The latest draws: CEC stays strong, PNP remains competitive

December continued a two-track approach:

  • December 10 (CEC): 6,000 invitations, CRS cut-off 520
  • December 8 (PNP): 1,123 invitations, CRS cut-off 729

For many applicants, those numbers underline a practical reality. CEC draws can still land in a reachable range for candidates with Canadian work experience and solid language scores. PNP draws, by contrast, show high cut-offs because nominated candidates receive a major CRS boost, which pushes the minimum score up.

What the 2025 draw calendar reveals

Express Entry ran a busy schedule across multiple draw types this year:

  • PNP: 23 draws
  • CEC: 14 draws
  • French-language proficiency: 8 draws
  • Healthcare and social services: 6 draws
  • Education: 2 draws
  • Trade: 1 draw

This is not just variety for variety’s sake. It is a signal that selection is being used as a policy lever. Provinces are feeding candidates through nominations. Ottawa is also pulling specific groups directly through category draws, especially Francophone candidates.

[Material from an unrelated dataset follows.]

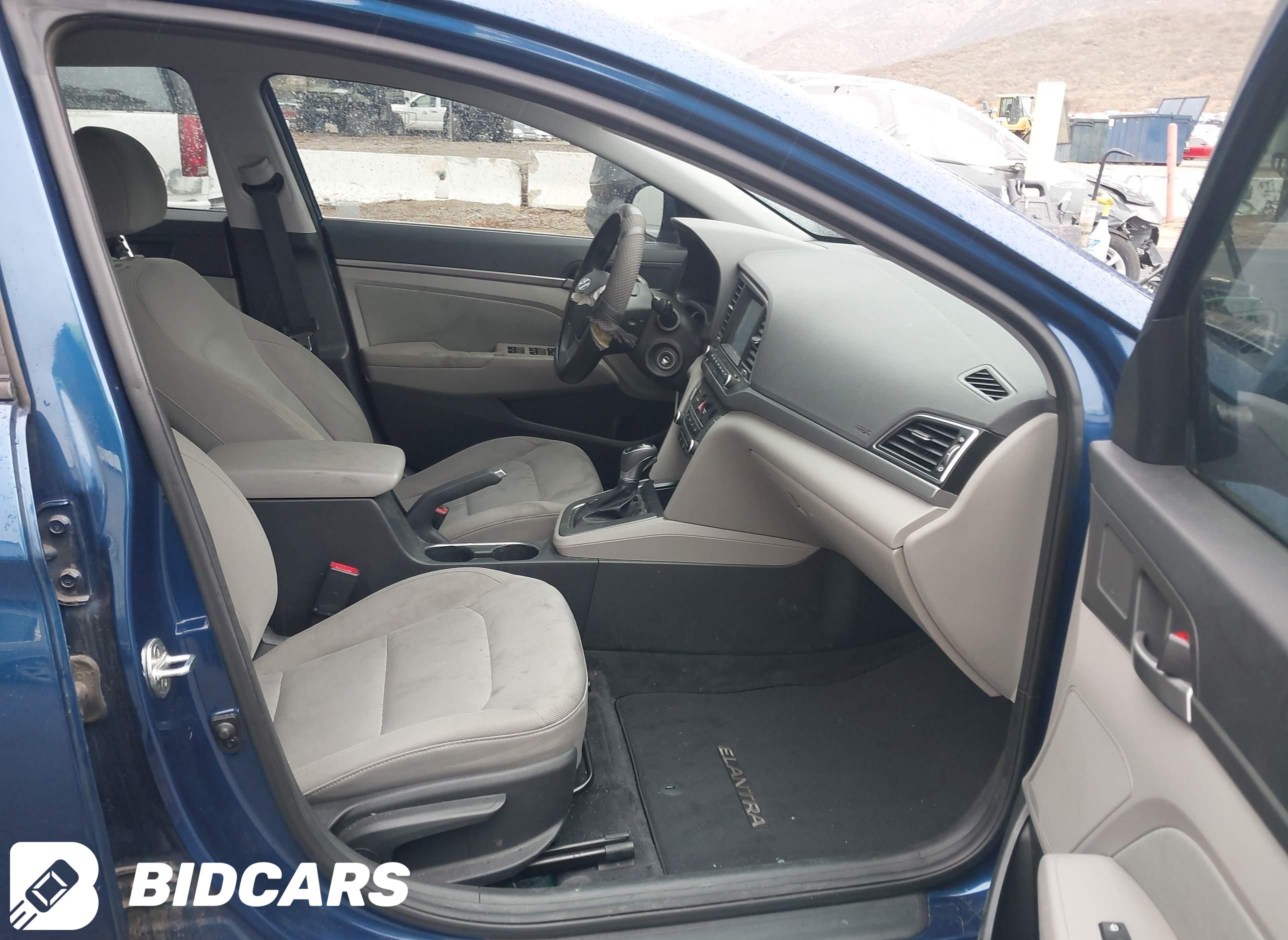 2018 Hyundai Elantra, Sel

Invitations issued so far: French leads the way

By the numbers, the biggest opportunity in 2025 has been French-language selection. Total invitations issued so far by stream are:

  • French-language proficiency: 42,000
  • Canadian Experience Class: 30,850
  • Healthcare and social services: 13,500
  • Provincial Nominee Program: 9,775
  • Education: 3,500
  • Trade: 1,250

That is more than 100,000 invitations across these draw types combined.

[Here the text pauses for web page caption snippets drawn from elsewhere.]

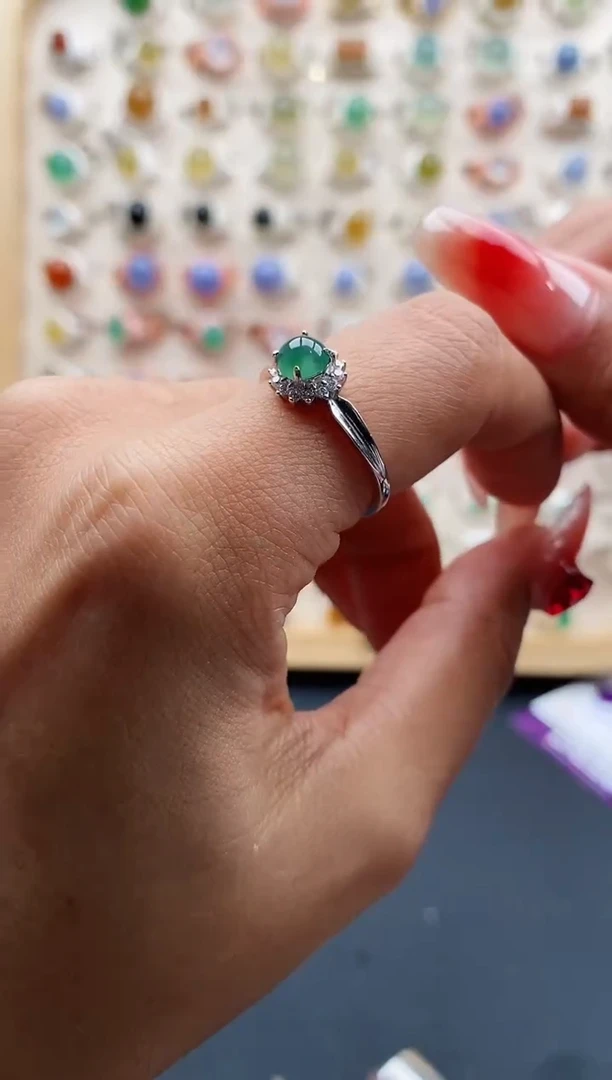 【闪购商品】翡翠戒指银S925镶嵌缅甸天然A货翡翠555 2+3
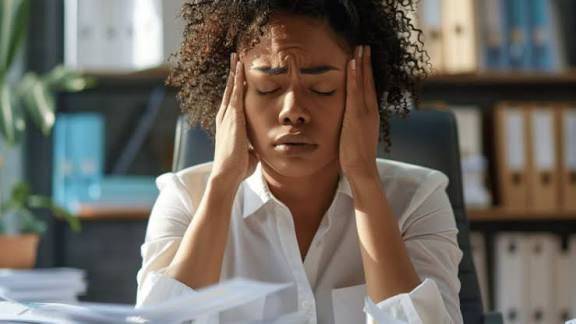 When Your Brain Feels Fuzzy: 9 Gentle Ways to Lift Mental Fog Today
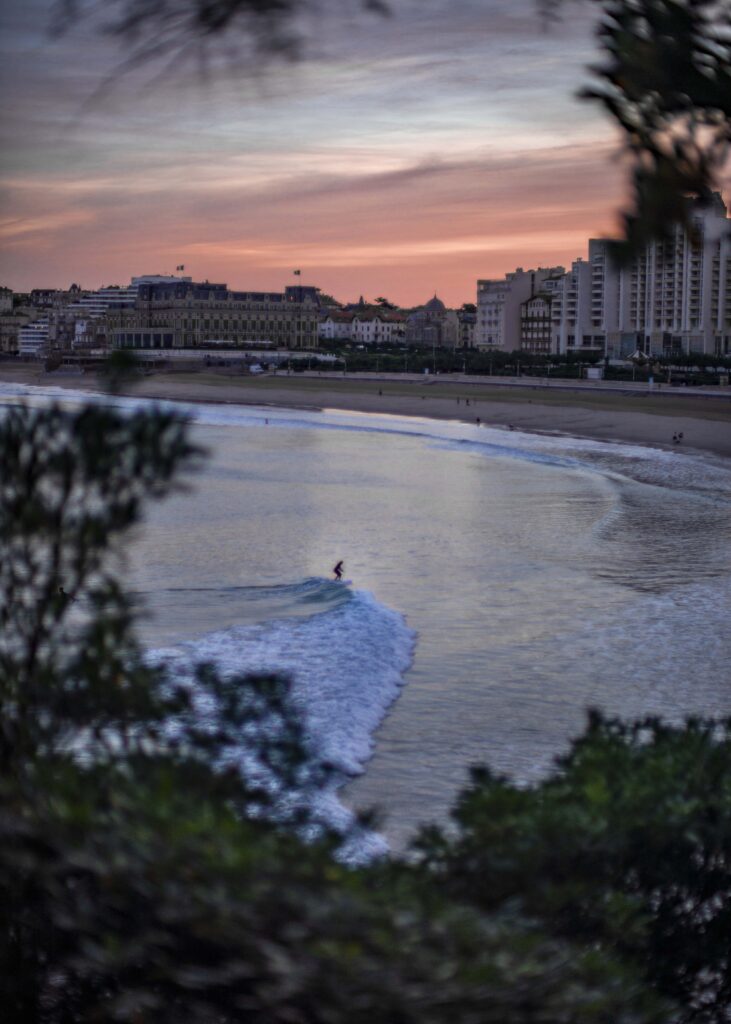 biarritz-surf-sunrise-sunset-15x21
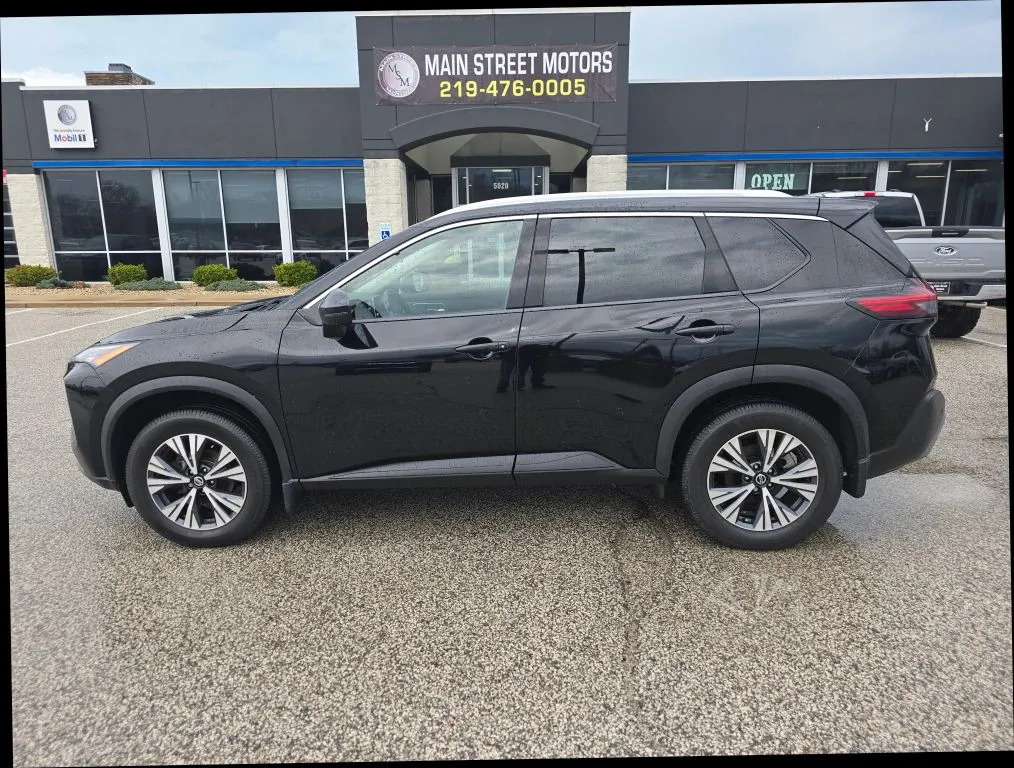 Black 2021 Nissan Rogue SV Sport Utility 4D for sale in Portage, IN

French draws also posted some of the year’s most accessible cut-offs. The lowest French cut-off on record in 2025 dropped to 379 (March 21). Several other French draws stayed in the low 400s. For comparison, PNP cut-offs frequently landed in the 700s, and even reached 855 (September 29).

Why scores look so different across draw types

A common mistake is comparing CRS cut-offs across draw types as if they measure the same competition.

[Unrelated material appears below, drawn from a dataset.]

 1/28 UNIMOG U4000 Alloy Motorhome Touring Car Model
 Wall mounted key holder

  • PNP cut-offs are high because nominees get a large CRS increase tied to the nomination. That inflates the score range inside the invited group.
  • French cut-offs can be lower because the selection pool is narrower and policy is intentionally encouraging Francophone immigration.
  • CEC tends to sit in the middle because it draws from candidates with Canadian work experience, many of whom have strong profiles but not always the extra boost that nominations provide.

The late-year CEC cut-off of 520 (December 10) also hints at a larger pool of eligible candidates inside Canada, including many temporary residents trying to transition to permanent residence.

What this means if you want to immigrate in 2026

The 2025 results point to three strategies that are likely to stay relevant.

1) If you can build French ability, it is one of the strongest levers in the system.
French-language draws delivered the most invitations in 2025 and often at lower CRS thresholds. For bilingual candidates, this can be the difference between waiting and receiving an invitation quickly.

2) Canadian work experience still pays off.
CEC remained a consistent feature of the year, including several 3,000-invitation draws and a major 6,000-invitation round in December. If you are in Canada on a work permit, the pathway is clear: strengthen language scores, keep skilled work experience continuous, and keep your profile updated.

3) Provincial nomination remains the high-impact option for candidates stuck below the usual cut-offs.
PNP draws were frequent, and nomination can move a candidate to the front of the line. The trade-off is complexity. You need to match a province’s priorities, timelines, and eligibility rules, which can change quickly.

The bigger story: Express Entry is acting more like a workforce filter

The 2025 draw mix suggests a system designed to select people Canada can integrate faster. Francophone applicants support demographic goals outside Quebec. CEC selections favour those already working in Canada. Healthcare, education, and trades draws reflect labour shortages that are difficult to solve quickly.

For applicants, the takeaway is simple. A strong CRS score still matters, but alignment matters more than it used to. The most successful candidates in this environment are the ones who treat Express Entry like a plan, not a lottery.